▶ Data excerpt:
=== Begin Enclosure ===

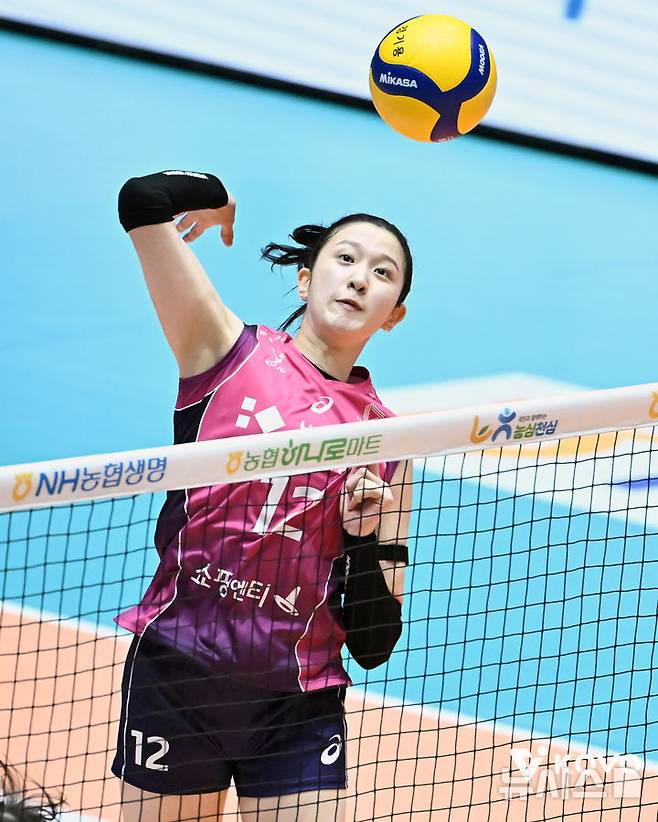 [서울=뉴시스]여자배구 흥국생명 이다현. (사진=KOVO 제공)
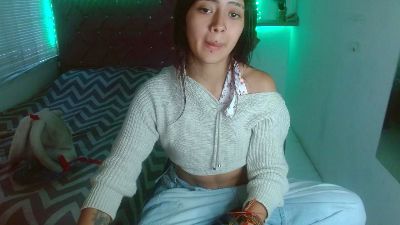 sofiacumgirl live cam on Cam4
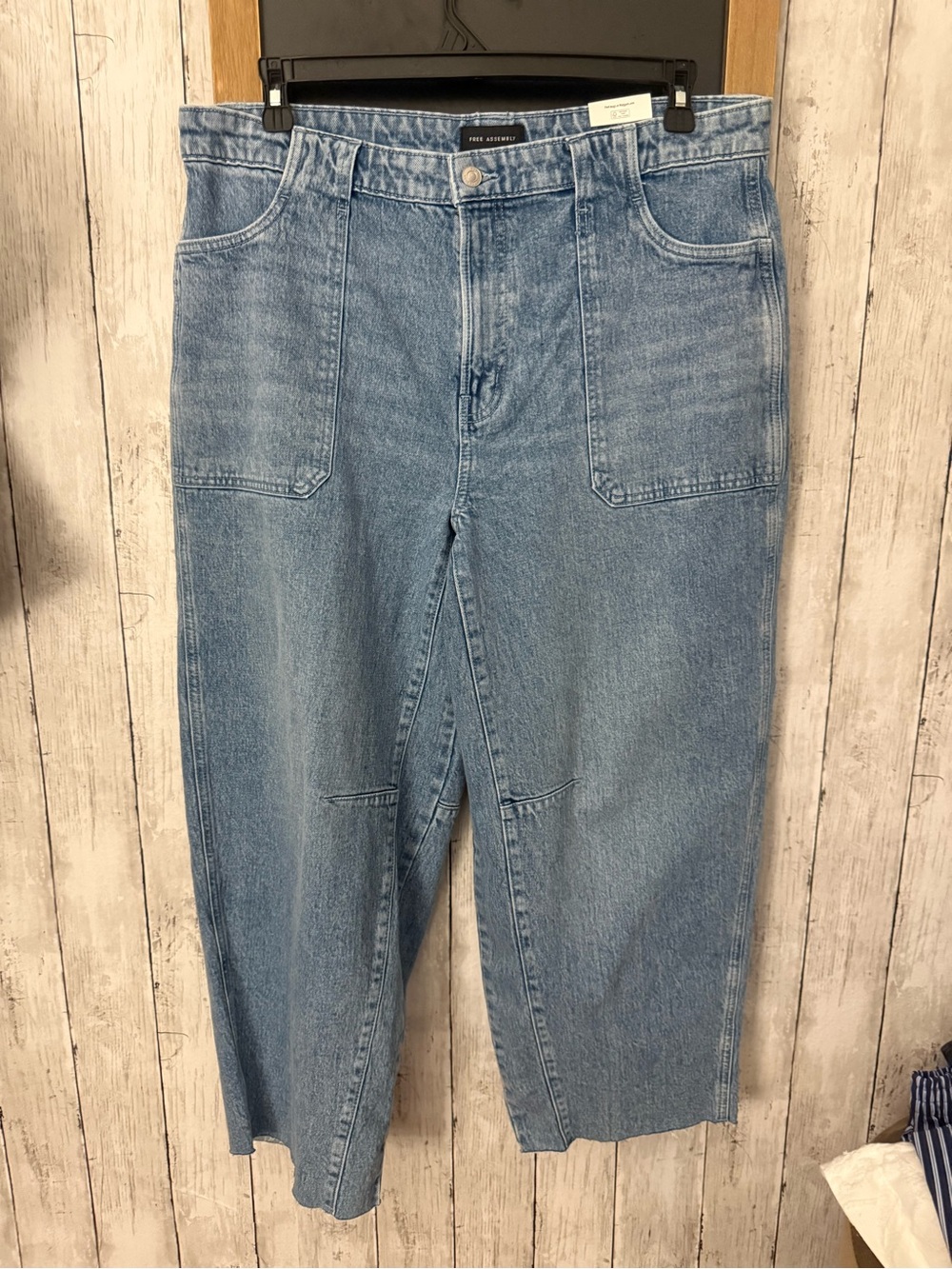 NWT Free Assembly carpenter barrel blue denim jeans Size 16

=== End Enclosure ===

▶ Task prompt:
Set down the material again exactly. Don't carry over any pictures.

▶ Response to this exercise:
 [서울=뉴시스]여자배구 흥국생명 이다현. (사진=KOVO 제공)
 sofiacumgirl live cam on Cam4
 NWT Free Assembly carpenter barrel blue denim jeans Size 16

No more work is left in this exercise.